Given data Start Marker
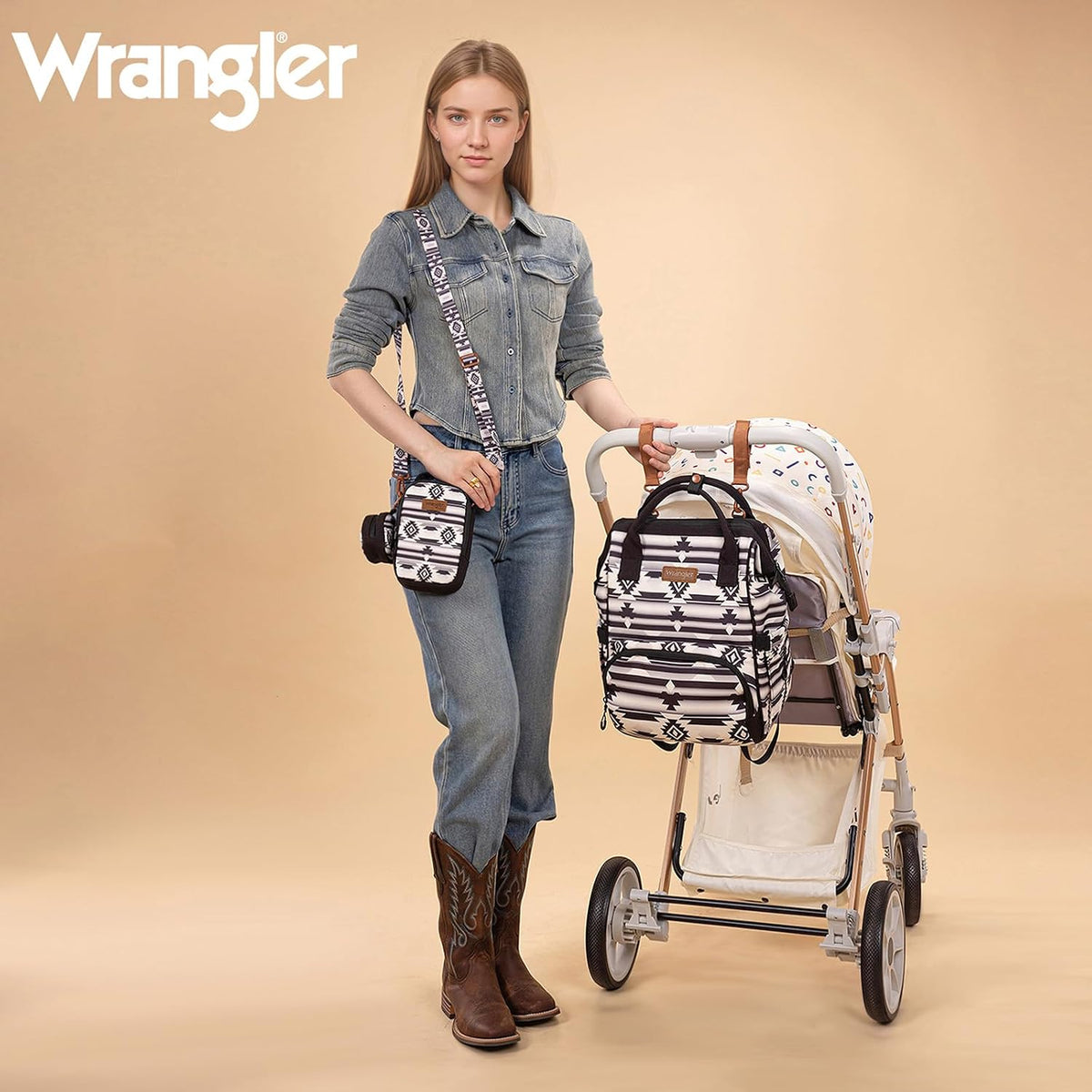 Montana West Wrangler Callie Diaper Bag Backpack with Pacifier Case, Crossbody Bottle Bag and Stroller Straps Western Pattern Multifunction Baby Travel Bag Set WG2216-9110BK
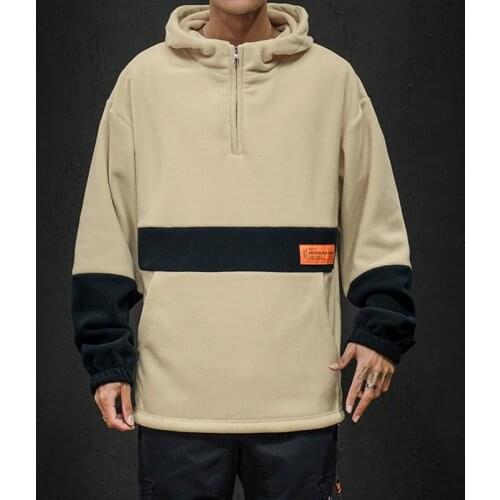 High Street Fleece Hoodie Sweatshirt Men 2021 New Zipper Collar Harajuku Hoodies Men Hooded Sweatshirts Fashion Patchwork Tops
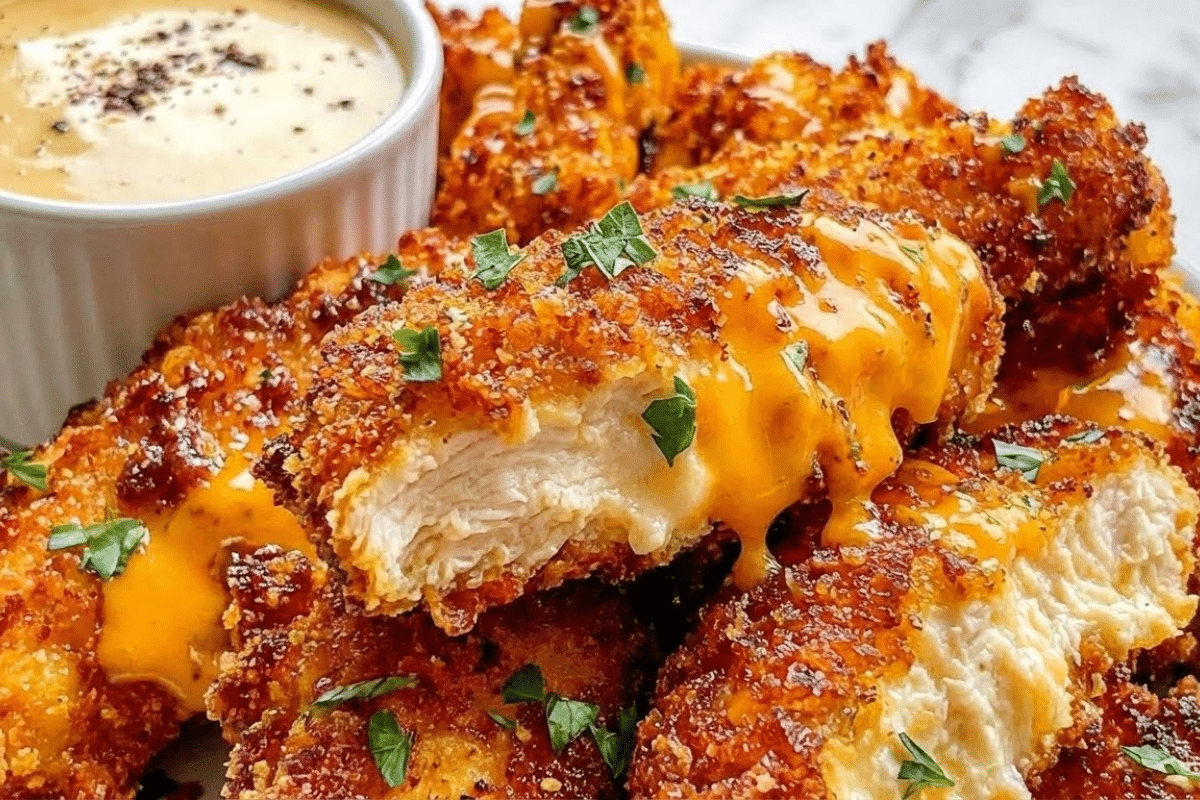 crack chicken tenders with melted cheddar cheese drizzle and crispy golden coating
Given data End Marker
About this exercise:
Reproduce the whole listing word for word, setting aside any pictures.

Solution for this exercise:
 Montana West Wrangler Callie Diaper Bag Backpack with Pacifier Case, Crossbody Bottle Bag and Stroller Straps Western Pattern Multifunction Baby Travel Bag Set WG2216-9110BK
 High Street Fleece Hoodie Sweatshirt Men 2021 New Zipper Collar Harajuku Hoodies Men Hooded Sweatshirts Fashion Patchwork Tops
 crack chicken tenders with melted cheddar cheese drizzle and crispy golden coating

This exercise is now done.